For a faster loading experience, the viewer, can  load, a low-quality 'preview' of the "Paris tiles" first, before loading the final tiles.  This is easy to do with a tile-pyramid.  

DEMO - PDF document

Say, the "Paris tiles" are at level 14.  First, load a single 256x256 tile of Paris, probably level 12, and stretch it to fill the screen (blurry).  Now, switch to the "level 13" tile set, which is sharper.  Finally, load level 14, sharper again.

You can see this in the animation above.  The Forge Viewer is showing a PDF made of tile images.  It loads level 10, then 11, 12 and finally settles on level 13 to match my viewport and MacBook Retina pixel density.  On the righthand side, I have the network debug console open, showing the image tiles steaming in.  I set the network load performance to 'slow 3G' to slow things down, so you can see the effect.

256x256 tile - Level 12 

256x256 tile - Level 11

 A 256x256 pixel resolution tile is loaded and stretched to fit the canvas (right image), then that stretched tile is replaced by four 256x256 pixel tiles (left image).

 

> How to create your own tile-pyramid

 

1. Pulling a Terrain map

To provide some sample content for my demo, I'm going to pull a tile-pyramid from OpenTopoMap, specifically, a terrain map, so I can demostrate the measure tool.

Here is the bash script I used...

gettiles () {
mkdir $1; cd $1;
 for (( y=0; y<=$2; y++ )) do
  for (( x=0; x<=$2; x++ )) do
      curl https://a.tile.opentopomap.org/$(($1-6))/$(($y+$4))/$(($x+$3)).png -o $x-$y.png &
  done;
 done;
cd ..;
}

mkdir 9; cd 9;
curl https://a.tile.opentopomap.org/1/0/0.png -o 0-0.png &
cd ..;

gettiles 10 1 5 3
gettiles 11 3 10 6
gettiles 12 6 20 12
gettiles 13 12 40 24
gettiles 14 30 80 48

The script only downloads a section of the TopoMap tiles into a local folder.  Each tile is 256x256, yet the full terrain width and height comes to 6k x 6k pixels, for this sample set (a set region surrounding Chicago at maximum level 13).

Now I modify the bubble.json file to point to the new folder containing all those image tiles.  And I upated the pixel resolution too.

When I open the index.html file, and point the documentId to the topo/bubble.json file, I now see my terrain map !

I can zoom in and out to get more terrain details. I can also add markup and measurements.

Here's a live DEMO - Terrain
 

Note: I use window.location.hash, to specify the tile folder name. i.e.. topo/ is the folder, so I use #topo in the URL.

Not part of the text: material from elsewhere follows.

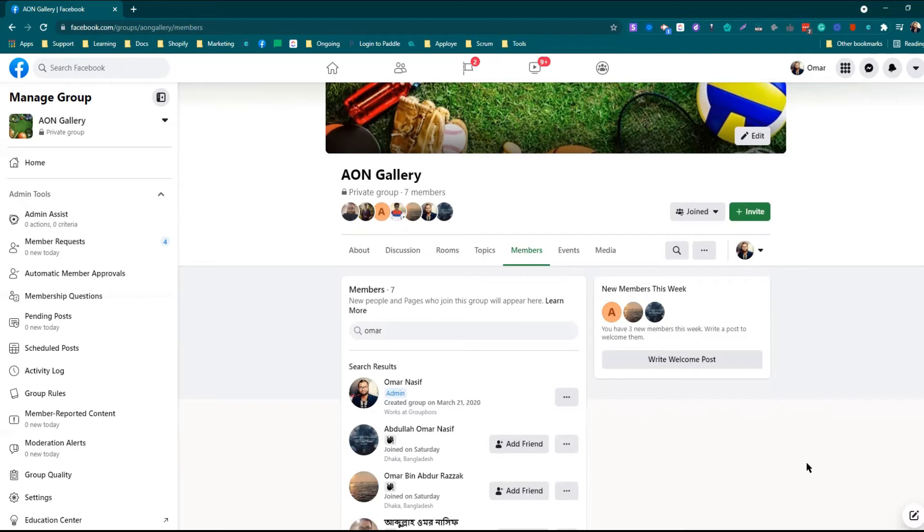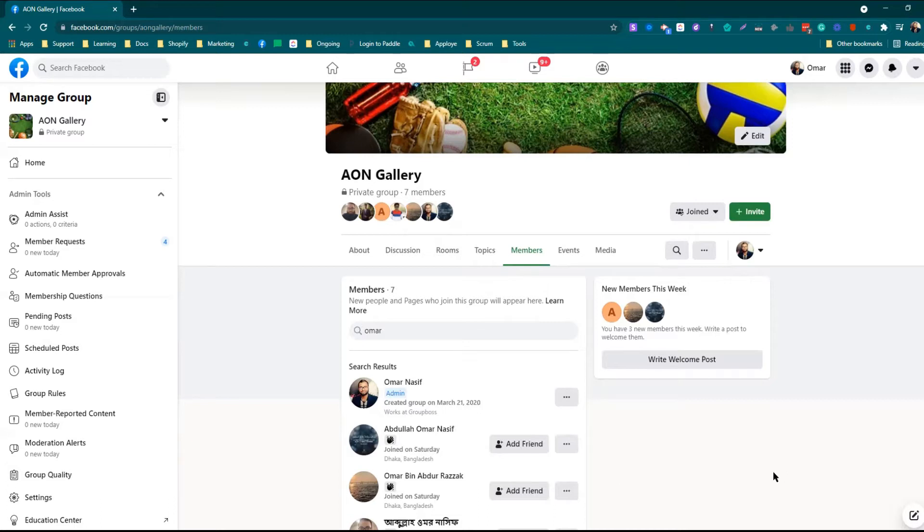Hello everyone, welcome to another tutorial on Facebook group. In this video, I'm going to show you how you can add an existing member to become an admin or a moderator of your Facebook group.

2. Converting a large image (an OCR scan)

Say you have scanned a large document (OCR) and now have a really large 6k by 6k TIFF file.  It's 200MB is size, which is too big and clunky to load quickly in a browser, and also ... you want to add markup and measurements.

So, let's first convert the scanned TIFF image to a jpeg tile-pyramid, like we did with the two examples above (PDF and Terrain). I'll use imagemagick to do this.

From the commandline, I type in...

convert image.tif -resize 1.5625% -crop 256x256 +repage +adjoin out/1/tile_1_%d.jpg
convert image.tif -resize 3.125% -crop 256x256 +repage +adjoin out/2/tile_2_%d.jpg
convert image.tif -resize 6.25% -crop 256x256 +repage +adjoin out/3/tile_3_%d.jpg
convert image.tif -resize 12.5% -crop 256x256 +repage +adjoin out/4/tile_4_%d.jpg
convert image.tif -resize 25% -crop 256x256 +repage +adjoin out/5/tile_5_%d.jpg
convert image.tif -resize 50% -crop 256x256 +repage +adjoin out/6/tile_6_%d.jpg
convert image.tif -crop 256x256 +repage +adjoin out/7/tile_7_%d.jpg

I then create a bubble.json file.  This tells Forge Viewer where the folder of tile images is, and also the mask, for example: out/z/y/x.jpg.  I also set the pixel resolution, as done in the terrain demo.

I open the ./index.html#out file and my OCR scanned document appears - it loads quickly and I can measure and do markup's.

Offline Markup and Measure 

Included in this example are the files you need to take this 2D demo 'offline' including the markup and measure tools.  See the files listed in the GitHub repo.

Notes:

  • modify the CSS to create a custom markup UI.
  • you will need to calibrate measure, to start making measurements.